La impotencia aprendida

    Hay un conflicto que mantiene su debate a lo largo de toda vida humana: la pugna entre el deseo y la imposibilidad y, de hecho, la biografía de cada quien no es más que el saldo de esa lucha. Uno quiere, y para lograr su propósito hace un intento, y luego otro, y se prepara mejor, y le echa más ganas, y hasta pone en juego numerosas estrategias. Al final hay sólo tres opciones: se pudo, no se pudo o se pudo a medias.

    Esta pugna da su sentido a todo, porque nada importa por sí mismo, sino en función de lo que aporta o quita para lograr nuestro deseo.
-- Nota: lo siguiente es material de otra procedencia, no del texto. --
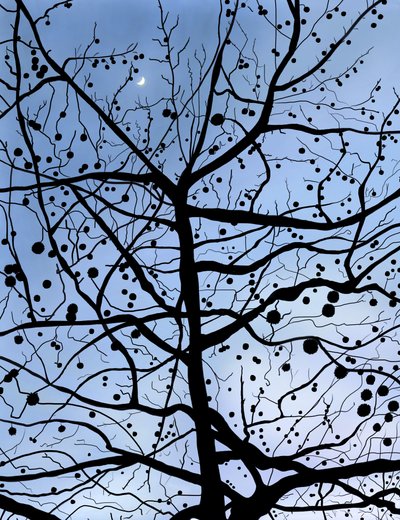 London PlaneTree and Moon, Brooklyn (art numérique) - Evan Sklar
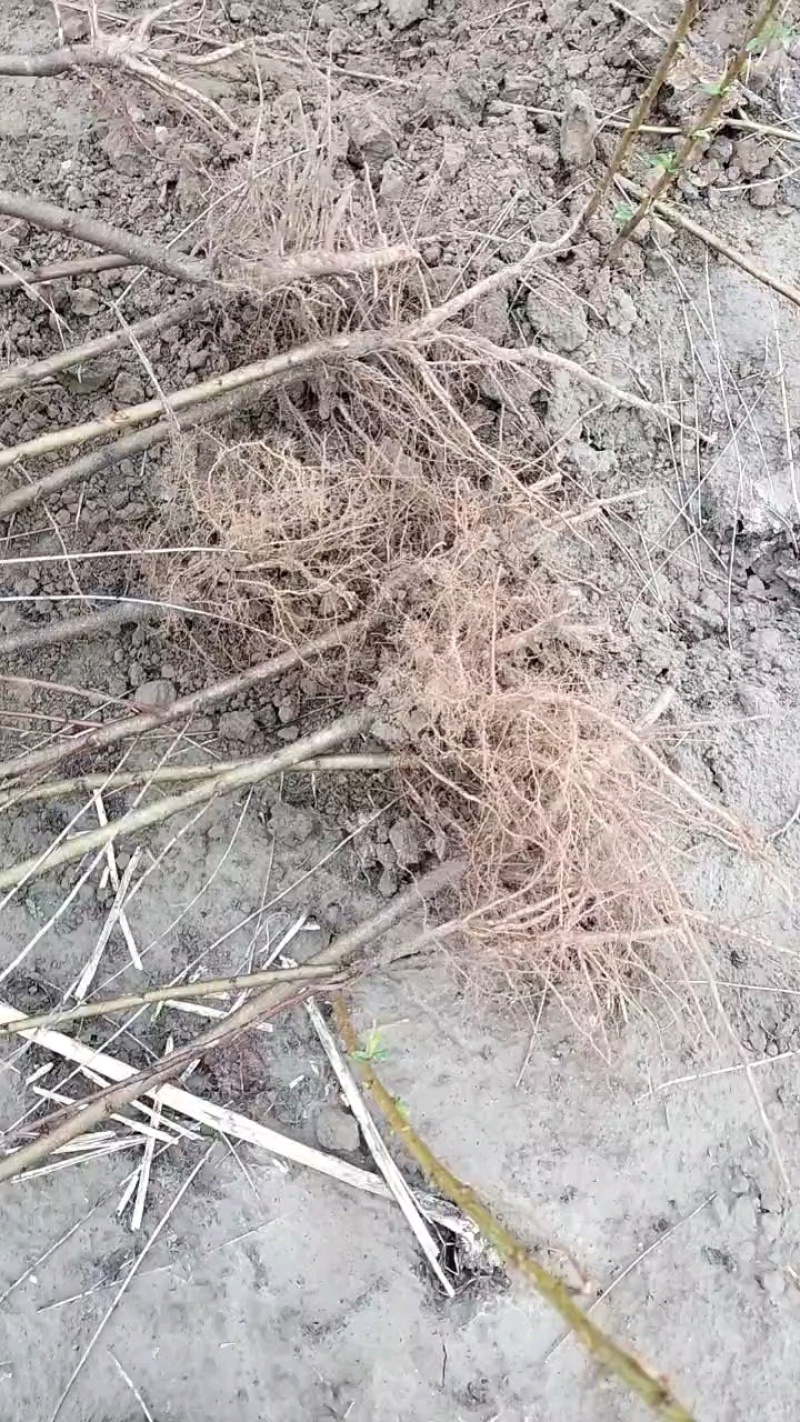 毛桃苗批发批发各种桃苗。规格齐全，0.5一，两公分，通货
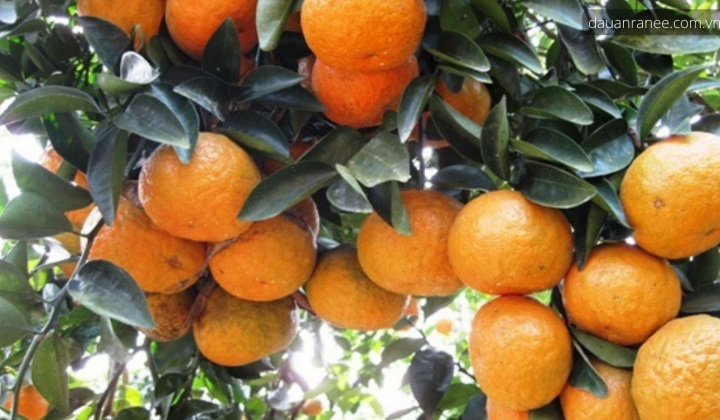 Phân bón Văn Điển: Biến đồi hoang cằn cỗi thành vùng chuyên canh nổi tiếng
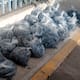 Aseguran en San Felipe casi 3 mil pepinos de mar transportados ilegalmente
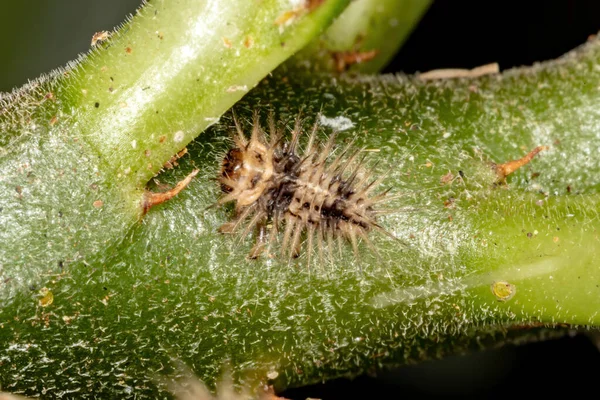 Ragno Saltatore Maschio Del Genere Metaphidippus — Foto Stock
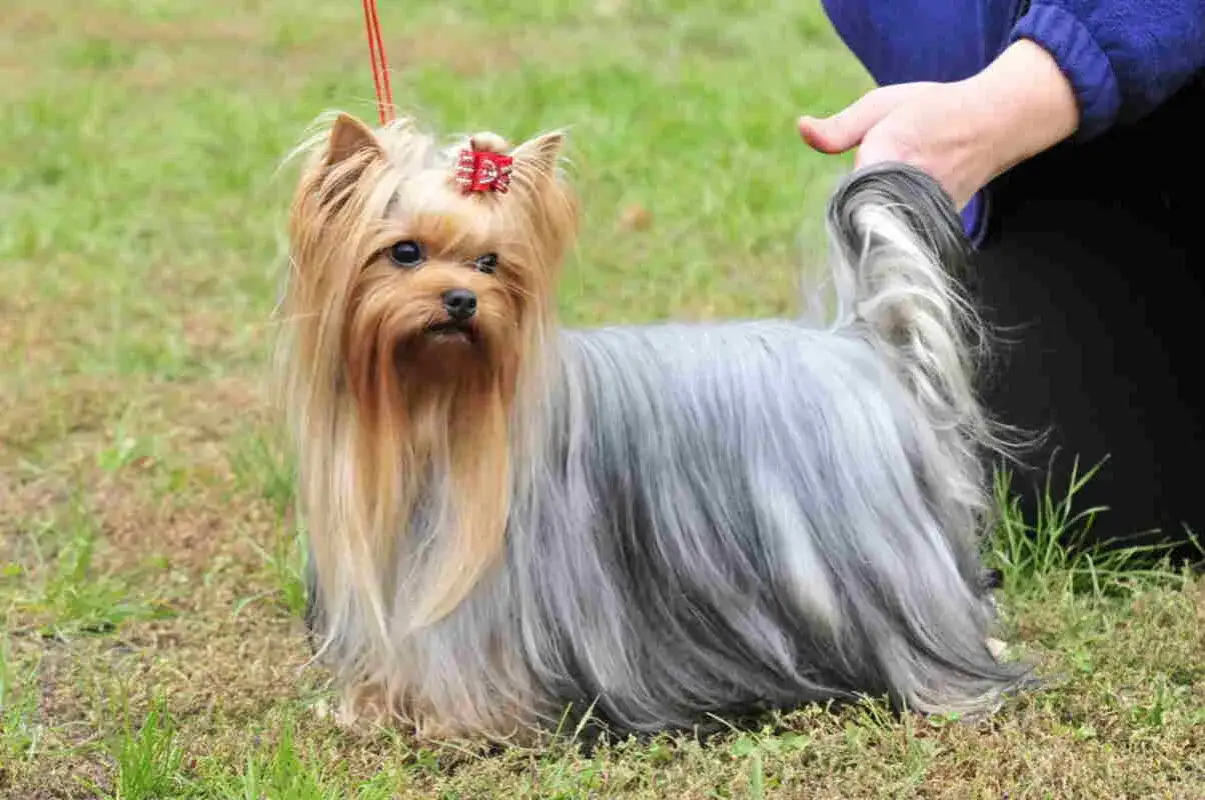 Yorkshire terrier z pięknym, długim włosem w odcieniach złota i stali. R&oacute;żne york rodzaje umaszczenia zachwycają.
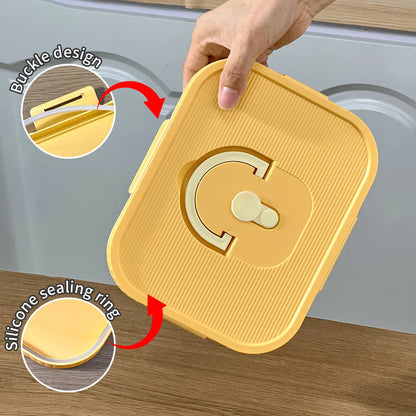Microwave Plastic Divided Lunch Box With Handle Camping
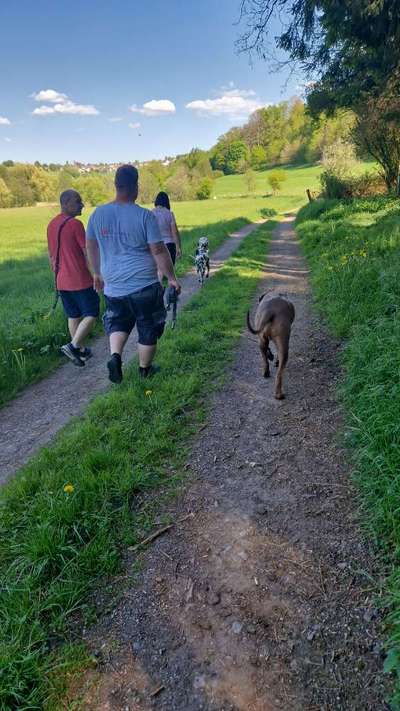 Rhodesian Ridgeback-Beitrag-Bild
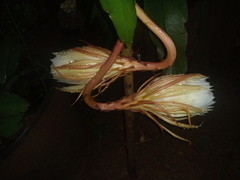 Epiphyllum oxypetalum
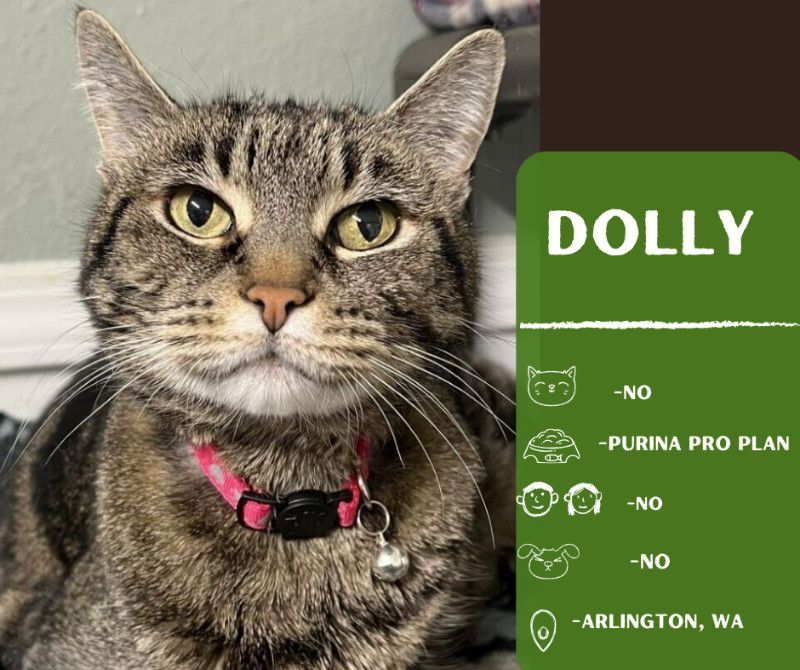 Dolly, an adoptable Domestic Short Hair in Arlington, WA, 98223 | Photo Image 1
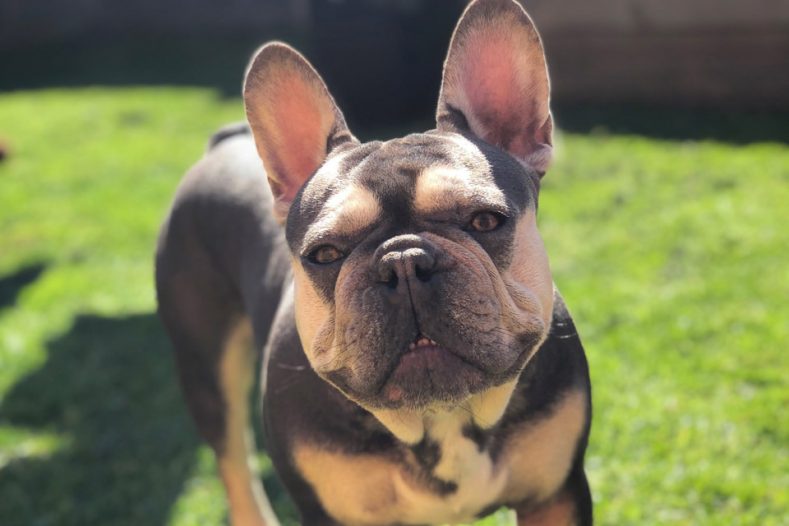 French Bulldog one year after BOAS surgery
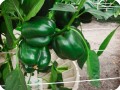 8 Green bell pepper in Groasis Waterboxx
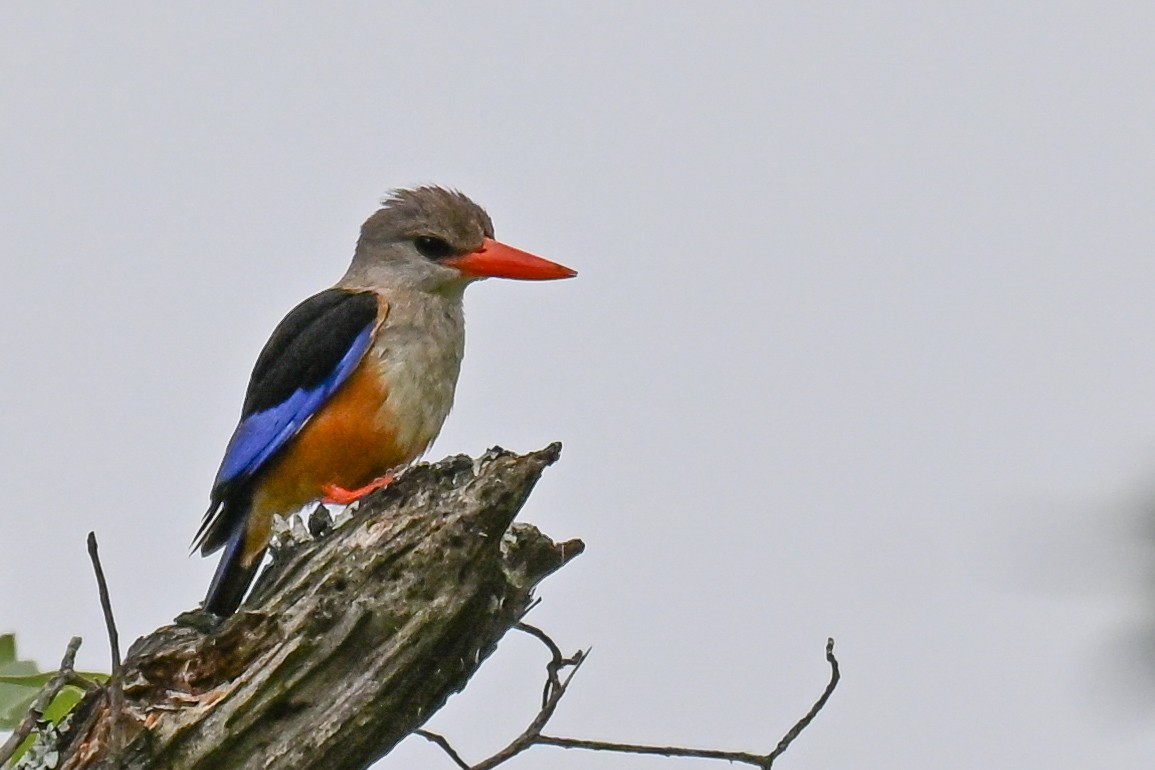 ledňáček šedohlavý - ML646437319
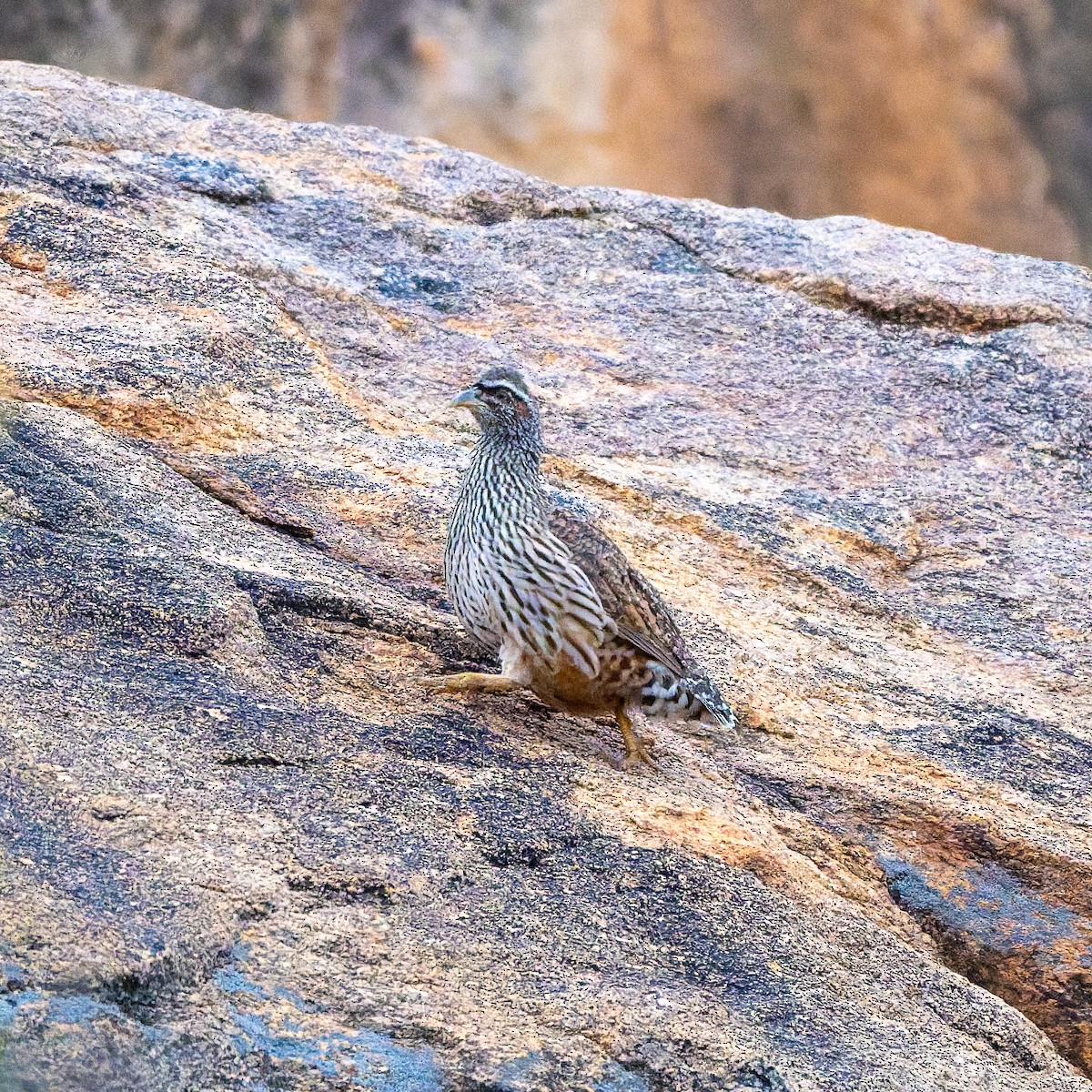 Francolín de Hartlaub - ML652081521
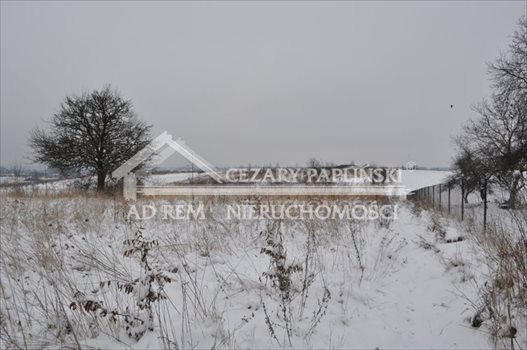 Działka rolna na sprzedaż Dąbrowica, Dąbrowica 2 200m2 Foto 5
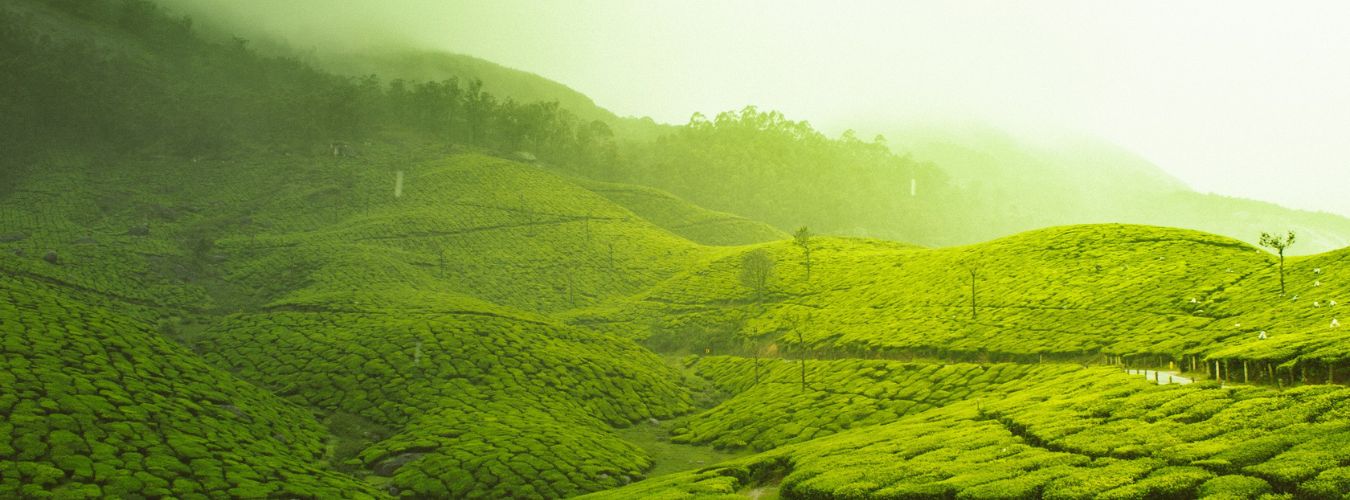 Hill stations and tea plantations across South India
Por ello son importantes la investigación, las relaciones, el empeño, las buenas o las malas artes, la persuasión, las reglas, el dinero y mil cosas más. En pocas palabras: lo que hacemos, empleamos o inventamos es para salirnos con la nuestra. Hay esfuerzos desmayados y los hay denodadamente intensos, hay modos legales e ilegales, hay batallas que se dan en equipo y luchas solitarias: el deseo es el motor que nos pone en marcha en el tablero de los días y las noches (esta metáfora es de Borges), y la dificultad es esa fuerza opuesta que depende de innumerables factores: lo que deseamos no es nuestro, no es fácil, no quiere, no existe o está prohibido.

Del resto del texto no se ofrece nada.